В конце лета приехал на Толгу Иоанн Кронштадтский37. Под вечер толпа народу встречала его на берегу и провожала в монастырь. На следующее утро служил он обедню – меня с другими детьми поставили впереди. В тот же день, часа в четыре, я по обычаю побежал в парк. О. Иоанн шел с настоятелем и о. Александром. Он благословил меня и спросил, как зовут. Он держался необыкновенно просто и куда менее осанисто, чем многие из знакомых моих монахов. Такое же простое было у него и лицо – оно показалось мне очень женственным и деревенским, и мне было странно, что он окружен таким почитанием. К вечеру он уехал. Толпа народа вновь собралась на берег с иконами и хоругвями. Пароход отчаливал, было ветрено и прохладно. Отец Иоанн стоял один на корме, ветер трепал его рясу и волосы. Так продолжалось, пока пароход не ушел совсем далеко. Толпа не двигалась. Было так тихо, что слышался плеск воды, набегавшей на берег, и так прекрасно и грустно, что я заплакал.

1933

Парижский альбом. VI

Если пристально вспоминать, то едва ли не с любым днем в году окажется связано какое-нибудь событие. Непременно сыщется что-нибудь, что хоть очень давно, хоть в раннем детстве, а связалось в памяти с этим днем – навсегда. Так что мы чуть ли не каждый день можем праздновать какую-нибудь годовщину.
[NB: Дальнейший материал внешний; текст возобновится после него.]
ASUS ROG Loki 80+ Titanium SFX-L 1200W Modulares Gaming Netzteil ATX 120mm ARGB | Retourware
Вот и у меня на днях такая маленькая годовщина.

Лет шести пристрастился я писать стихи. Первые, помнится, были о сестре Жене – объяснение в чрезвычайной любви. Потом – о разбойнике, что в лесной чаще пробирался к мирному домику с ужасными целями, но – «глаз он выколол о сук»… Потом подарили мне пачку разноцветных карнэ де баль, оставшихся от какого-то бала. К каждой книжечке был привязан тоненький карандашик, отточенный, как булавка. Все это было глянцевое, и от всего пахло пудрой. На этих карнэ де баль написал я пропасть необычайно сердцещипательных произведений. Подражал тогдашним романсам: «Очи черные», «Как прощались, расставались» и проч. Это был целый поток любовной лирики. Она была обращена к воображаемой особе, с самыми золотыми волосами и самыми голубыми глазами на свете. Особа была окончательно несчастна и погибала от любви на каждом карнэ де баль. Я тоже.
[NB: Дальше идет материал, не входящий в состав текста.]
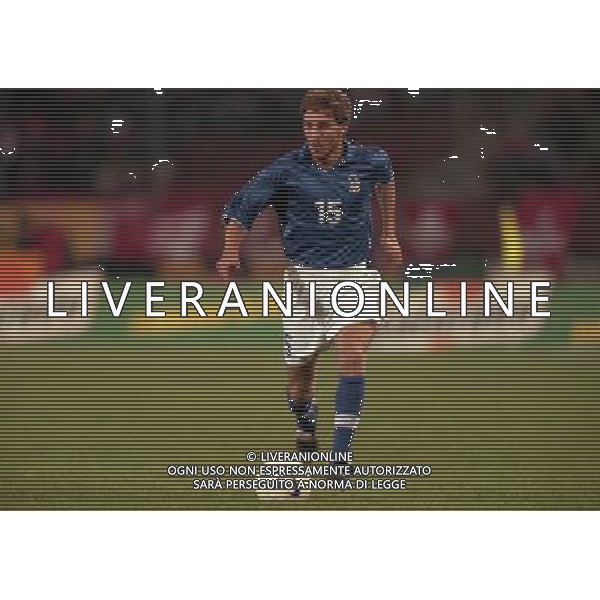 10-10-1998 UDINE QUALIFICAZIONE EUROPEI ITALIA SVIZZERA NELLA FOTO JONATHAN BACHINI AG ALDO LIVERANI SAS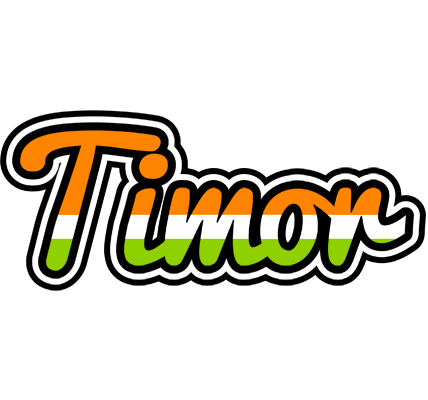 Timor mumbai logo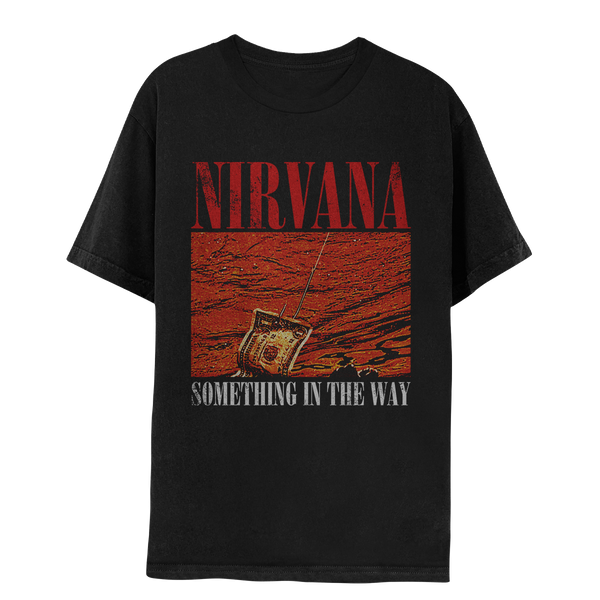 Something In The Way Tee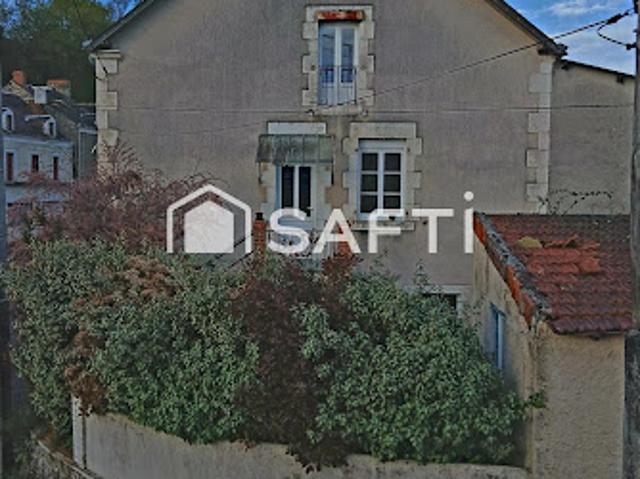 Vente Maison 2 pièces 59 m2 Saint Marcel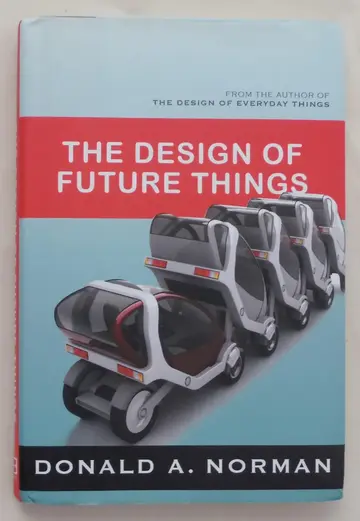Cover of The Design of Future Things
Мы жили в Москве. Весной 1896 года выдержал я вступительные экзамены в гимназию, надел фуражку с кокардой, из ворот Толмачевского дома на Тверской видел торжественный въезд Николая II, налюбовался иллюминацией Кремля, надышался запахом плошек, – а в конце мая поехал на дачу в «Озерки», под Петербургом. Пейзаж «Озерков», с горой, поросшей сосновой рощей, с песчаным белесоватым скатом к озеру, с гуляющей публикой, с разноцветными дачами – смесь пошлого и сурового, – запомнился навсегда. Как фантастично и как правдиво он передан через десять лет Блоком – в «Незнакомке» и в «Вольных мыслях»!

В июле отправили меня гостить к дяде, на «Сиверскую». Сопоставляя с некоторыми семейными событиями, вижу, что это было между 15 и 25 по старому стилю, то есть – между 3 и 13 по новому. Значит – как раз тридцать лет тому назад.
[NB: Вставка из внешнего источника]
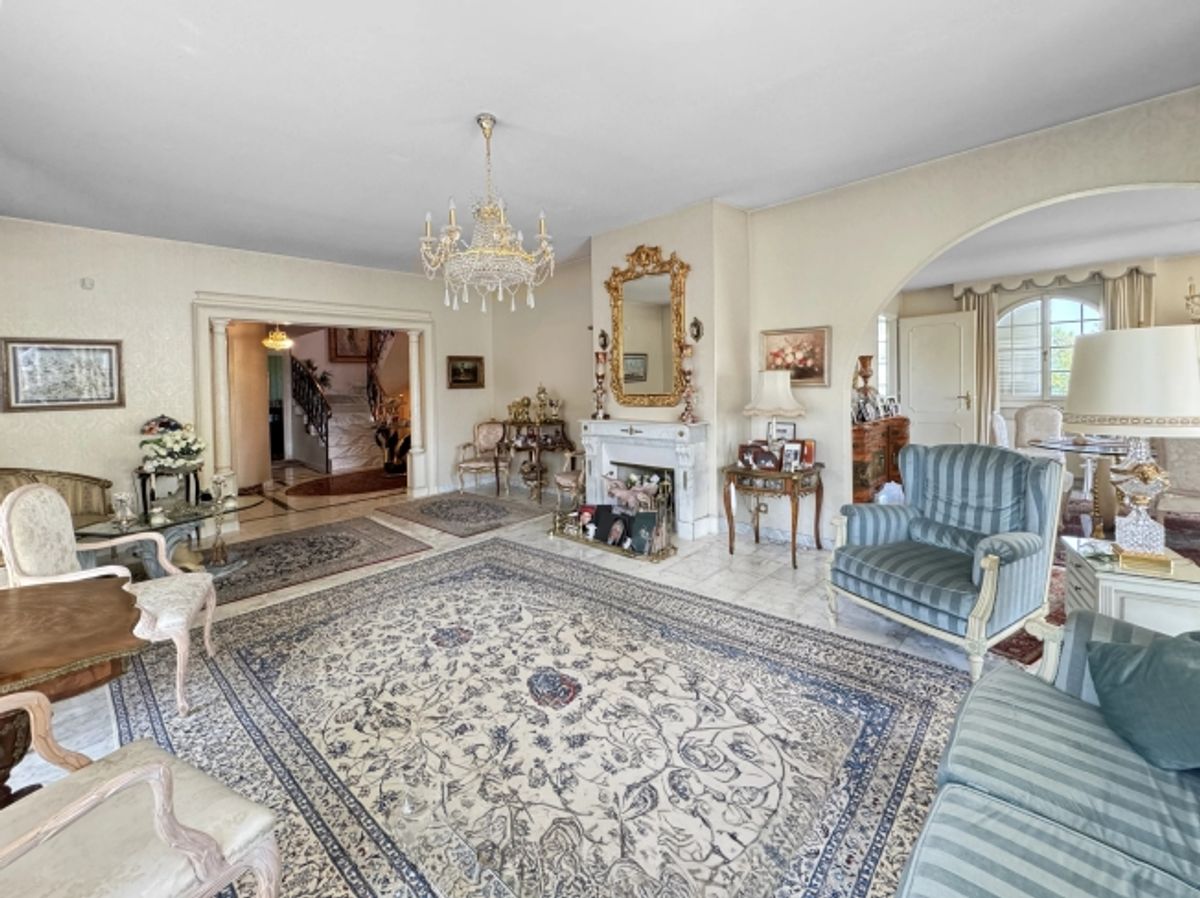 Villa individuell in Founex - 14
Я у дяди скучал и томился. Дом был натянутый и сухой. Общества подходящего – никакого. Нужно чинно гулять по дорожкам и посиживать на скамеечках.

Мимо дач, по самому краю обрыва (под ним – река с холстяной купальней), бежала одна такая дорожка.

Однажды увидел я: из соседней дачи вышли какие-то люди; выкатили огромное кресло на колесах, а в кресле – важный, седой старик, в золотых очках, с длинной белою бородой. Ноги покрыты пледом.

– Знаешь, кто это?

– Ну?

– Это Майков.

Майков!.. Я был потрясен.

Кажется, что моим любимым поэтом в ту пору был Александр Круглов38, автор ныне забытый. Проза его слабовата. Но стихи, стихи для детей, у него есть прекрасные: очень какие-то светлые, главное же – не слащавые, без пошлого подлаживания «под детское понимание» и без нравоучений. В стихах Круглова – какое-то ровное и чистое дыхание. Странно, что, кроме Брюсова, я не встречал людей, знающих поэзию Круглова. Брюсов ее, несомненно, оценил: в его стихотворениях «Терем» и «Эпизод» есть явственный отголосок двух пьес Круглова.